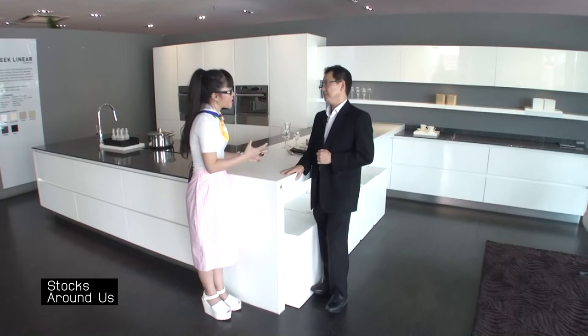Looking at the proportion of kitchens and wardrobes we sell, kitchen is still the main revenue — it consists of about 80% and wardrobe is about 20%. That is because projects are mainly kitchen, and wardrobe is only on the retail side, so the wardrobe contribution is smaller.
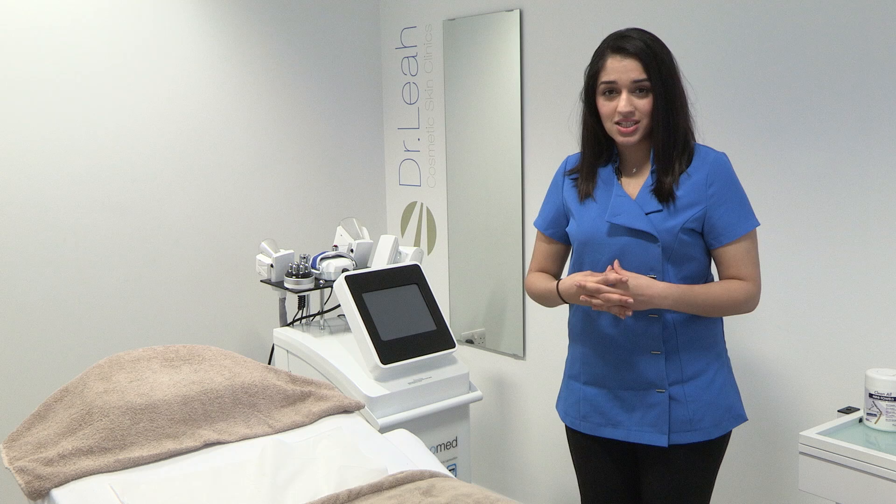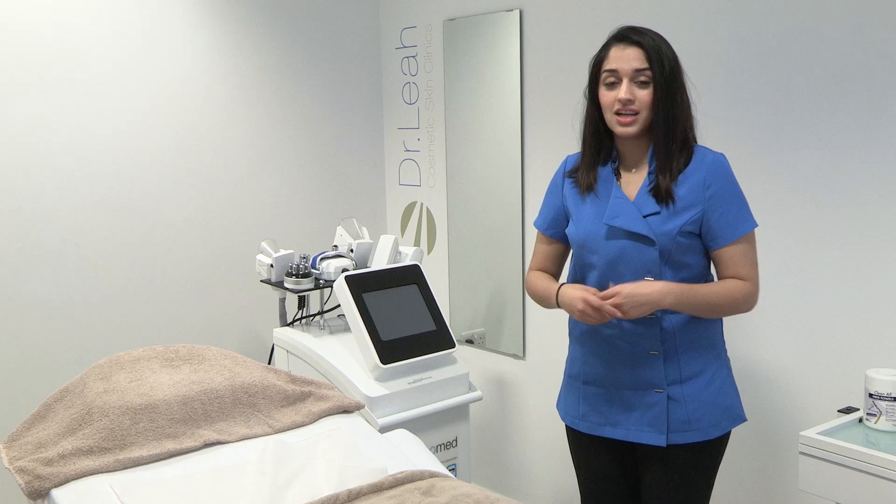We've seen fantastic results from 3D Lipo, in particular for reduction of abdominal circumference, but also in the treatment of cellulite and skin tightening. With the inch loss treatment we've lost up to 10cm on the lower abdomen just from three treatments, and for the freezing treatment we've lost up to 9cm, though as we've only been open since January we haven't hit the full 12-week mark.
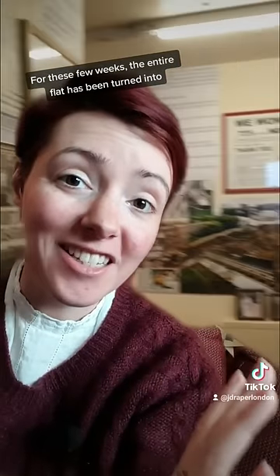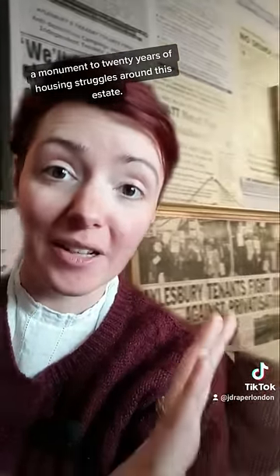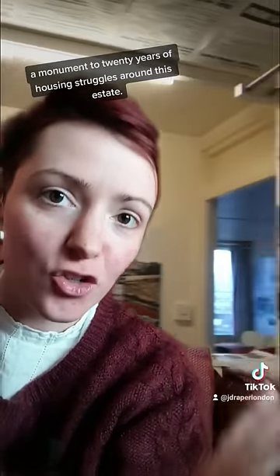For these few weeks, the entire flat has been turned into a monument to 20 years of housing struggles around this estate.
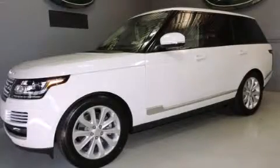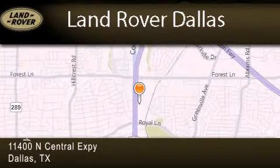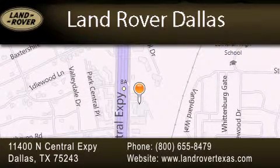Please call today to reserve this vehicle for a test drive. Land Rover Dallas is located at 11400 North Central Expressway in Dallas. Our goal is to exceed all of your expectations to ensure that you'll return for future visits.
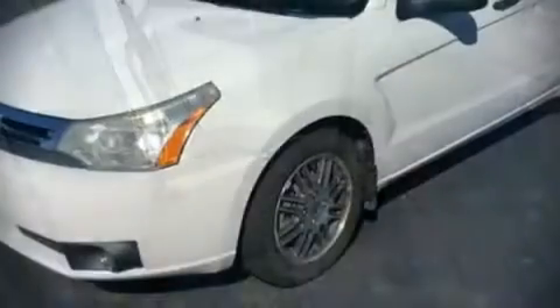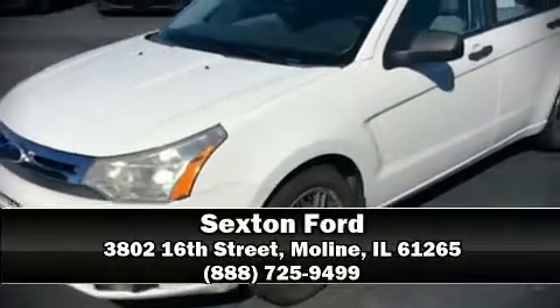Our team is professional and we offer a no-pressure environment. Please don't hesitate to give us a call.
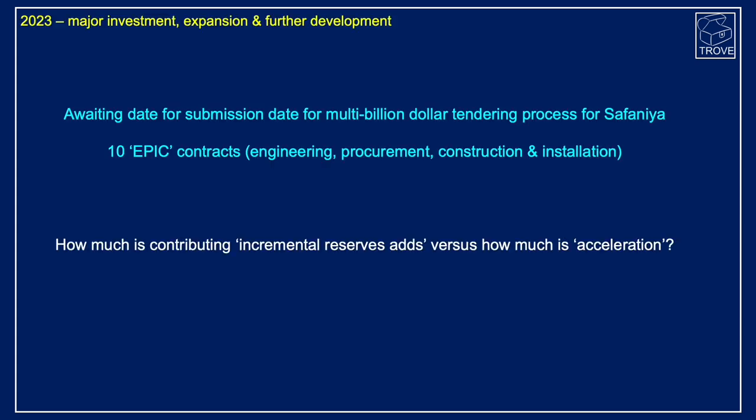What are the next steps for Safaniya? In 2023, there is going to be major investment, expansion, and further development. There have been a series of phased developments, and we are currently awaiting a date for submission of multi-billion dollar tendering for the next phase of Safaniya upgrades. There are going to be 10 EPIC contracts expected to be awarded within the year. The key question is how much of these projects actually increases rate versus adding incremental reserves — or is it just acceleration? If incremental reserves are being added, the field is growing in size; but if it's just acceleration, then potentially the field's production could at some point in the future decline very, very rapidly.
════════════════════
**WORK REQUIRED**.
Copy only the lines above from the one containing "We've seen fantastic" through the one containing "Our team is", both included. Leave out the pictures.

**ANSWER BELOW**.
We've seen fantastic results from 3D Lipo, in particular for reduction of abdominal circumference, but also in the treatment of cellulite and skin tightening. With the inch loss treatment we've lost up to 10cm on the lower abdomen just from three treatments, and for the freezing treatment we've lost up to 9cm, though as we've only been open since January we haven't hit the full 12-week mark.
For these few weeks, the entire flat has been turned into a monument to 20 years of housing struggles around this estate.
Please call today to reserve this vehicle for a test drive. Land Rover Dallas is located at 11400 North Central Expressway in Dallas. Our goal is to exceed all of your expectations to ensure that you'll return for future visits.
Our team is professional and we offer a no-pressure environment. Please don't hesitate to give us a call.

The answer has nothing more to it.